Online video streaming service Netflix added 1.35 million international subscribers in the last twelve months. This comes after launches across  Latin America and the UK and Ireland and means that the company has a total of 1.86 million international streaming subscribers.

“Our UK and Ireland launch at the beginning of the month was very successful, and we’re seeing faster member growth than we did when we launched Canada. As our membership in the UK and Ireland grows, we’ll be able to invest more and more in content,” said Netflix CEO Reed Hastings.

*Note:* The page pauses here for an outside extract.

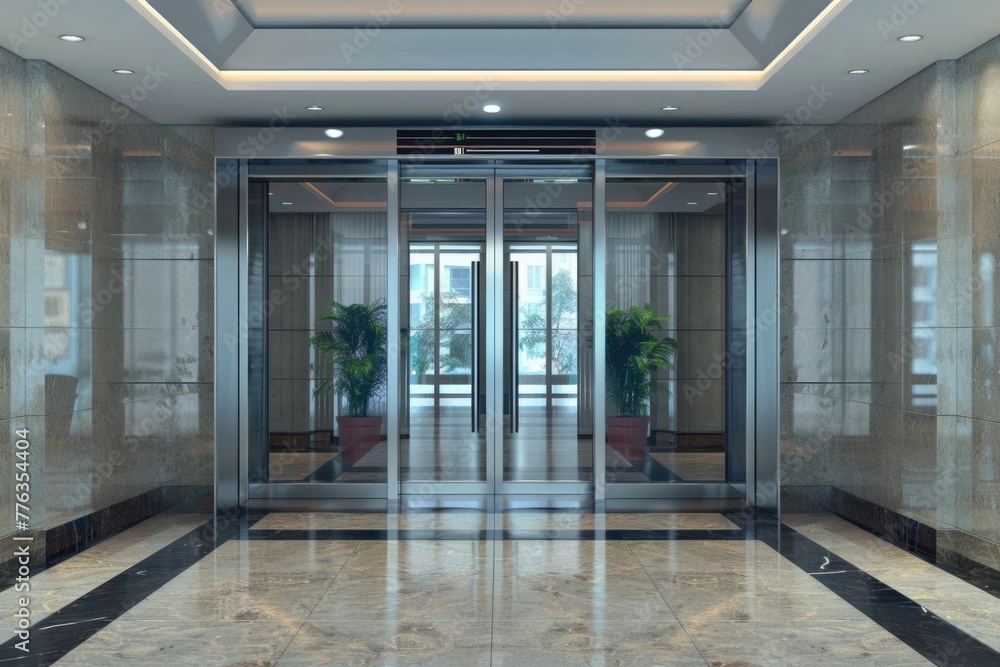 Automatic Door Access to Administrative Building with Modern ...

Hastings admitted that competition in the UK was tough, particularly competing against pay TV service BSkyB. However, he warned that it would attempt to steal value Hollywood output deals from the News Corp-backed service when they came up.  “In the UK our long-term competition will likely be Sky Go offering Sky Movies and Sky Atlantic on-demand.  Sky Atlantic is mostly HBO Originals content, and Sky Movies is one channel with the Pay 1 movie output from all six major US movie studios.  We believe we will compete very effectively against Sky Go, given our advantages of being an unbundled low-priced offering with broad content that is purely on-demand, and personalised. Over the coming years, we hope to be able to grow large enough to outbid Sky for one or more major studio output deals, as we did this year for MGM,” he added.

Netflix expects to spend up to 40% of its overall programming budget on original content in the US and internationally. “HBO spends about one third or 40% of their budget on original and the rest on already produced movie content. So that would be the high watermark.”

This comes as the company announced its fourth quarter financial results, which saw it increase revenue by 47% over the year to US$876 million (€560 million), although it posted a fall in net income of 13% as a result of its latest international launches. International revenue rose to US$29 million with a loss of US$60 million.